I finished Erik Larson’s unbelievably great In the Garden of Beasts. I’ve read and watched a lot about Nazi Germany, especially the period leading up to World War II, including most of William Shirer’s The Rise and Fall of the Third Reich. I also took a history class that focused explicitly on that time period. I have always been transfixed on how a culture that created so many great minds, from Beethoven to Goethe, could become perverted on seemingly every level. As screwed up as the Weimar Republic was from a political and economic standpoint, the political period before the Third Reich, it had a lot to offer culturally. What I have never read, and I’m not saying it doesn’t exist, was something with a novelistic quality that actually made one feel like they were there.

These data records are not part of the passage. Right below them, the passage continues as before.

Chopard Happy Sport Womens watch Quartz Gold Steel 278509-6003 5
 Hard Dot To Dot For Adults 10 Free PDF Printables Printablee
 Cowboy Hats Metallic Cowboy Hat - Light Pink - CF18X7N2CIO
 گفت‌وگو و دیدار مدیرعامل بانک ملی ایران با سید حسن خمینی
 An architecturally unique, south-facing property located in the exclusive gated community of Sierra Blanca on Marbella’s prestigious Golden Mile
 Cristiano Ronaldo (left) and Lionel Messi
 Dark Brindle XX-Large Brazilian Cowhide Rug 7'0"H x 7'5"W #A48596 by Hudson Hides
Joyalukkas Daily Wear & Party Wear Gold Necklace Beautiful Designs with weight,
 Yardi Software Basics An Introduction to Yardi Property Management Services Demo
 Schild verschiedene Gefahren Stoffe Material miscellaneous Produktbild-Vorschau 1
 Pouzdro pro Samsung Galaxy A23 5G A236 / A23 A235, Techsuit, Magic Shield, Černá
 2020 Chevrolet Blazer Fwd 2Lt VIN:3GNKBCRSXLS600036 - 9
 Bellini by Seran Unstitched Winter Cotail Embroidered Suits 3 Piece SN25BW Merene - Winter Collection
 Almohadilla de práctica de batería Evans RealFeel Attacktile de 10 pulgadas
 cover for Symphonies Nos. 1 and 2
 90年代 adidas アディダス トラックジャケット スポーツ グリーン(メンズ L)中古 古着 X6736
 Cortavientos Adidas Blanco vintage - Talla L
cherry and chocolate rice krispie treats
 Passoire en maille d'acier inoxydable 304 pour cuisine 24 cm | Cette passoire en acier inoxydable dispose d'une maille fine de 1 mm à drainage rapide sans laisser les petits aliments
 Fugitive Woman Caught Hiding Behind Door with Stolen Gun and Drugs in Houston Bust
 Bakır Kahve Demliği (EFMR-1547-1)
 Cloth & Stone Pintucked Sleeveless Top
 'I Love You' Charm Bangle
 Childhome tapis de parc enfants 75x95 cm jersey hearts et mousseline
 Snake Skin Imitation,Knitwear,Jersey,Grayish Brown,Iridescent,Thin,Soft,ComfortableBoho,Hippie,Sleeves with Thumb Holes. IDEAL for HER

One of the most intriguing things about the Nazi Leadership is that they have become, through the looking glass of history, more than human. They have become monsters when they were really men, even if they were men who possessed monstrous qualities. While this book doesn’t completely close the gap between man and monster, it does as good a job as I have seen. (Although there is one particular passage with Hermann Goring that is so strange that it seems unreal.) These men are presented at dinner parties, private meetings, etc. The book also makes the history of this time period accessible to those that might not have as great of a grasp of it as I do. (Though I am by no means an expert. I have simply read more than I imagine the average person to have read concerning this historical moment.) It is written more like a novel than a history book and it is a true page turner.
There is a lot to recommend this book, but I want to focus on few things. The first is that even the main protagonists are flawed. This would be Ambassador William E. Dodd and his daughter Martha. Larson does not attempt to trim away their moral failings. However, this does not mean that, for their time period, they weren’t largely decent people. Ambassador Dodd was one of the few to recognize the true threat of Hitler. One of the things that Larson tries and succeeds in doing is to create a sense of the world as it was at that moment. You can’t judge Ambassador Dodd by what we know now. (Martha is a bit more complicated, but one could argue that she was also young and naive.) A low level of anti-semitism was common in that period, even in some people that were otherwise decent. (This does not completely excuse it as there are those, even in that period, that were not. But I think the gay marriage debate is a good prism to view this through. Even many people that were on the side of gay rights were often pushing civil unions instead of full marriage equality as short as a couple years ago.) But in getting a sense of the failings of even some of the more decent people in this time period one gets an idea how Hitler, before his full qualities were shown, was able to rise to power. (One last aside: These kinds of things are endlessly debated amongst historians. Hitler’s true nature was displayed in his autobiography, but because of other things going on, which are too numerous to mention, many people of that time period believed that Hitler would be more moderate once he had real power.)
Another thing that is really interesting, if not new in this book, is how big money stood in the way of challenging Hitler early on. Germany owed America a large amount of money in debt. It has been widely documented that many of the now called one percenters had sympathies with Germany. However, this book shows the continued pressure that Dodd was under to get Germany to pay its debts. Because of this many of those in the foreign service, who were Ivy League graduates with ties to the upper class, tried to undercut Dodd when he chose to take a tougher stand against Germany that also risked the debts going unpaid.
If this time period interests you, and it should, this is actually a great place to start. It’s not an overview by any means, but it is a vivid description of a time period when the world was on the verge of total insanity. I could only think that this book would make you want to learn more. At the very least it gives you an entrance point to this period in a highly compelling way.
There are rumors to make this into a movie. If I would direct this movie I would choose the following two scenes to start and end the film, as a way of showing what Germany was and the destruction that Hitler brought to it. Strangely enough for a country that was so cruel to people, they were extremely kind to animals, with laws preventing cruelty to those of the domestic variety.
Opening Scene: Ambassador Dodd went to school in Leipzig, Germany, during his university years. He found Germany charming, although he did sense its taste for militarism. But overall these were very fond years for him. Later in the book Dodd remarks on how well cared for the horses in Germany were before World War II. His specific remake is:
“Only horses seem to be equally happy, never the children or the youth,”he wrote. “I often stop as I walk to my office and have a word with a pair of beautiful horses waiting while their wagon is being unloaded. They are so clean and fat and happy that one feels that they are the point of speaking.”
I would start the movie with Dodd as a young man in his idyllic Germany. I would make the focus of this scene Dodd noticing those beautiful animals which he later remarked upon.
Closing Scene: For the final image I would create a scene based on the following paragraph (As the once city beautiful city of Berlin is left in total ruin):
Five years later, during the final assault on Berlin, a Russian shell scored a direct hit on a stable at the western end of the Tiergarten. (The Tiergarten is a large park in Berlin.) The adjacent Kurfurstendamm, once one of Berlin’s prime shopping and entertainment streets, now became the stage for the utterly macabre – horses, those happiest creatures of Nazi Germany, tearing wildly down the street with manes and tails aflame.